_What you should do_
Below are records to return verbatim; the pictures are to be dropped.

_Provided material_

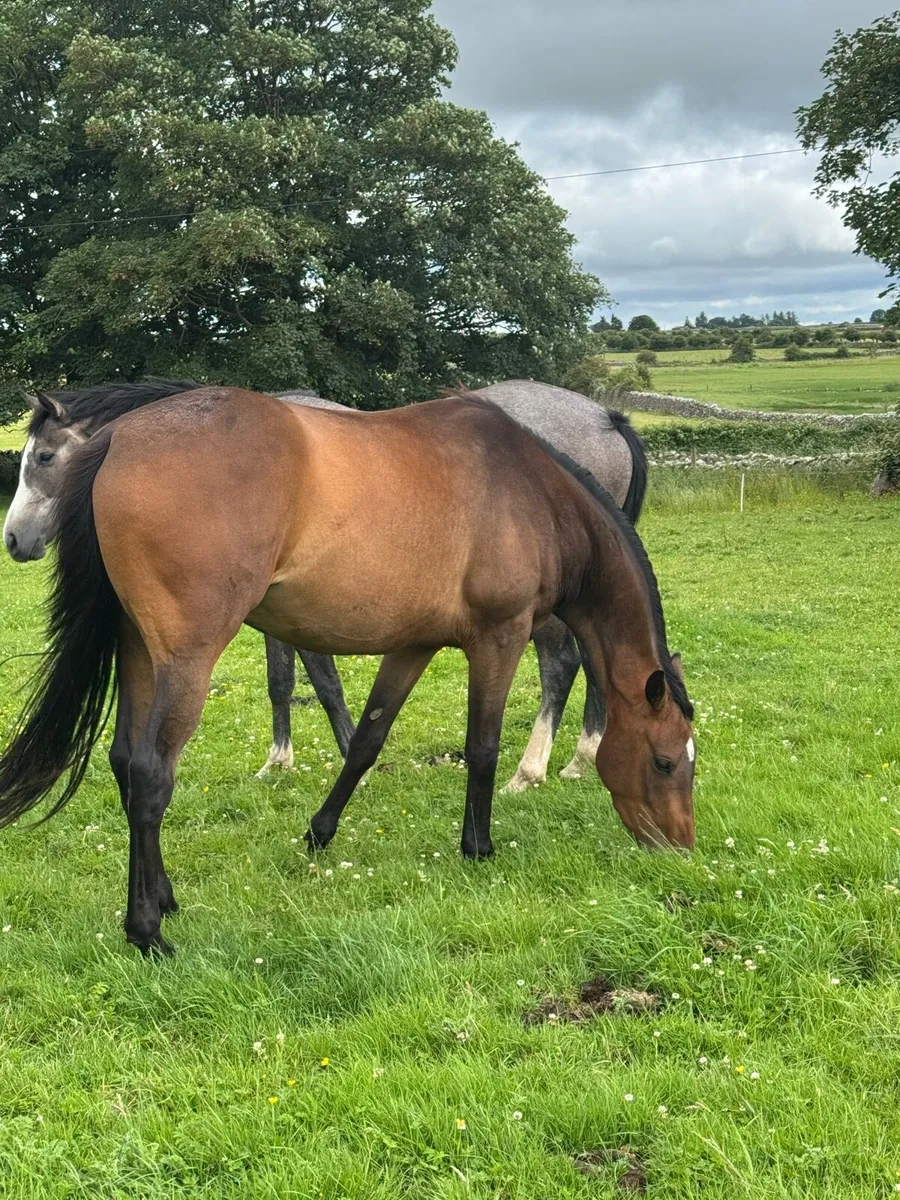 3 year old Thoroughbred - Image 4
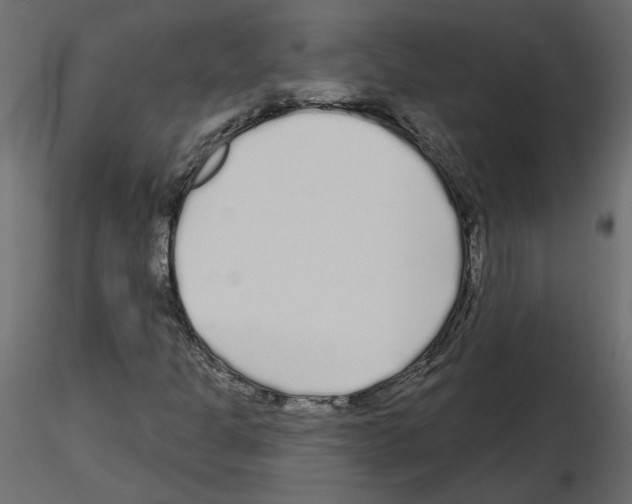 X0000115691301200912241453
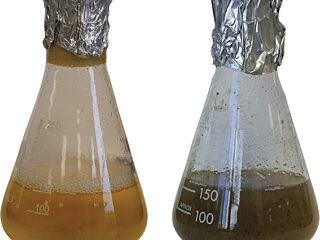 Photograph of two culture flasks used to grow Magnaporthe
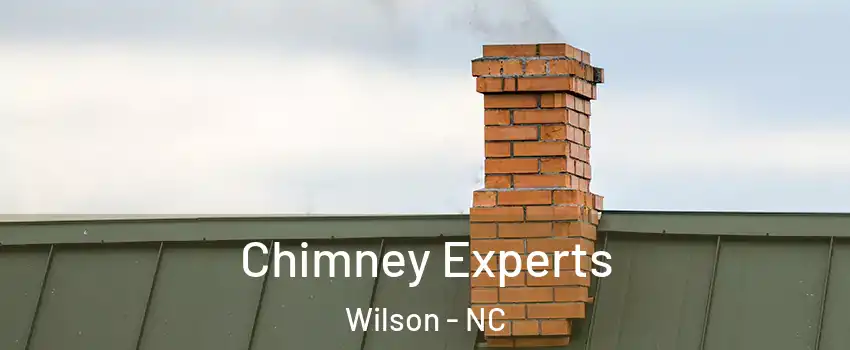 Chimney Experts Wilson - NC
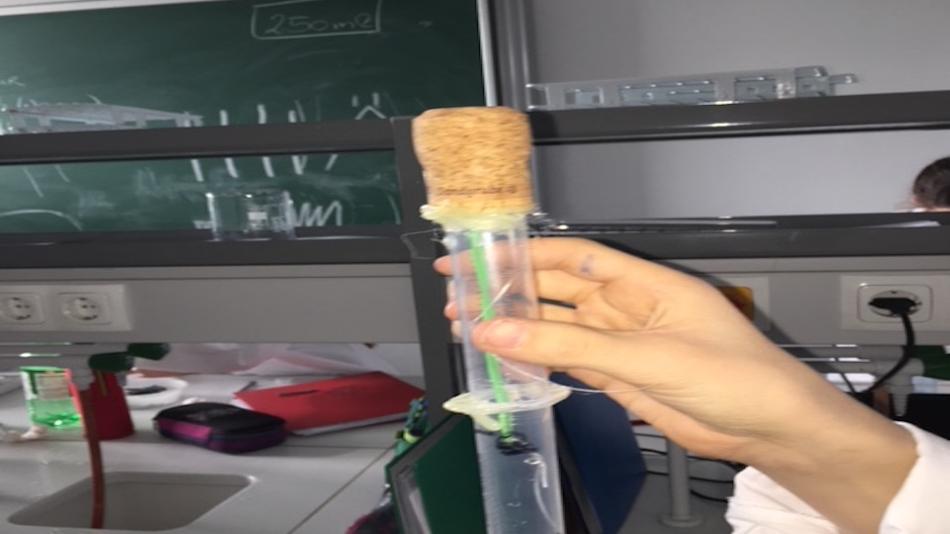 Bau eines Kraftmessers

_Solution to this task_
 3 year old Thoroughbred - Image 4
 X0000115691301200912241453
 Photograph of two culture flasks used to grow Magnaporthe
 Chimney Experts Wilson - NC
 Bau eines Kraftmessers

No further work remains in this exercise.